I’ve been reading a lot of nonfiction recently and both Three Women by Lisa Taddeo and Educated by Tara Westover are interesting. (Very different books that I’m only squishing together because I’ve been meaning to pop reviews of them up for ages.)
Three Women is a book I guzzled down. This is a non-fiction exploration of three women’s very different sex lives. Taddeo followed each of them (and others, I believe, although only these three made the final book) for 8 years and crafted their stories into a gloriously readable narrative. Lina is in a sexless marriage and still in love with her high school sweetheart. She begins an affair with him (although affair seems to suggest more than the few quick encounters they have) and the way she romanticises the relationship is heartbreaking. Maggie had sex with her school teacher and thought they were in love. Sloane is married to a man who likes to watch her have sex with other men. Taddeo has a novelistic approach, for instance, describing Lina revealing the affair to some women friends,
“The women are pitched forward, like soup tureens in an earthquake. Their chins are on the heels of their hands, and they are eating mixed nuts nervously.
Oh my, says Cathy. That sounds like quite a man, and a real love affair.
How did it end? someone asks, because women are often better at handling the endings than the beginnings. Lina understands that some women, like her mother and her sisters, truly care for another woman only when that woman is in pain, especially in a kind of pain that they have already felt, and then overcome.”
While the writing is the book’s strength it’s also curiously distancing; it sounds like truth but I’m not sure it is. I felt very much that what I was reading were stories and as such when the end came it was somewhat unsatisfying in its true-to-life inconclusiveness. There are no neat endings here. These are three women who have all had disturbing sex lives in different ways. And I wonder, where is the woman who has a joyous sex life? The woman who has sex with a woman? The woman who is not white? Taddeo never meant for these three women to speak for all women and perhaps the main thing they have in common is they have not been heard before and Taddeo gives them a voice to speak for themselves, albeit filtered through her. It’s certainly a compelling read.

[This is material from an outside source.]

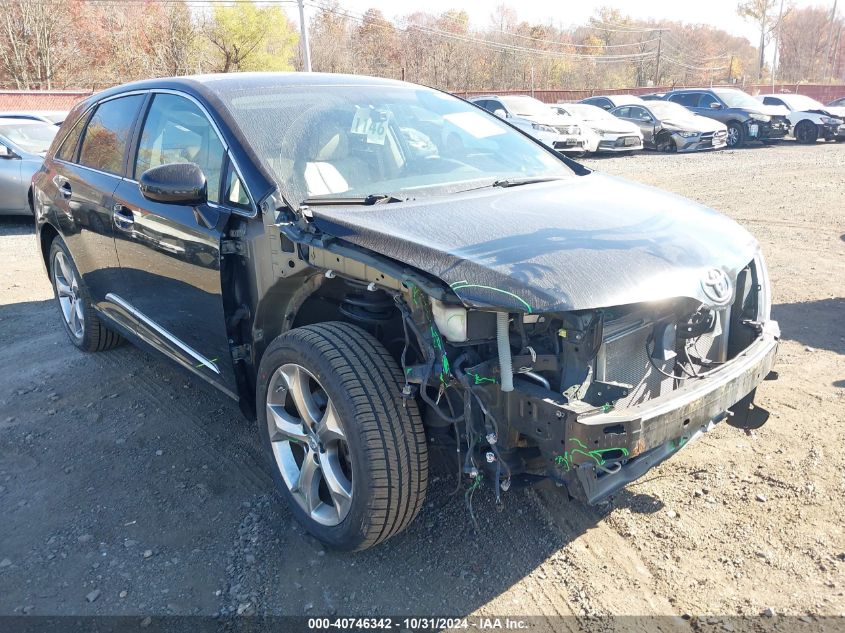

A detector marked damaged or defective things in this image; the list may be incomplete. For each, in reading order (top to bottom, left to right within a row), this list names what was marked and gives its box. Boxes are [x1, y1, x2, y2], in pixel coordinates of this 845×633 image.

I was late to Educated, the memoir of Tara Westover which has long featured on bestseller lists. She was brought up in Idaho by her Mormon fundamentalist family. Her parents said she and her brothers were homeschooled but in truth, they received no education beyond scripture. Tara watched as her mother was persuaded into being an unlicensed midwife’s assistant, and later the midwife herself, using homemade potions and something called “muscle testing” to heal people. Her father, Gene, expected his children to work alongside him in his scrap business where there was no health and safety, it being God’s will if accidents occurred, as they repeatedly did. It’s an extraordinary story of a life lived off-grid. Gene endlessly prepped for the end of the world and his family lived in fear. Tara was bullied, oppressed, assaulted and uneducated. When she glimpsed the outside world it seemed an immoral place, nonetheless, she taught herself to read and yearned for school, eventually going to college. She is astonishingly bright and despite her lack of basic knowledge her intelligence shone through and she went on to achieve incredible academic results. The book is slightly repetitious and I did find myself thinking, oh no, don’t go back to the bloody mountain again at several points, but it’s a fascinating insight into a hidden world.
I wonder what it was like for the women who didn’t make the final edit.
Yes! Imagine spending all that time telling your story – over a period of years – and it’s somehow not a fit.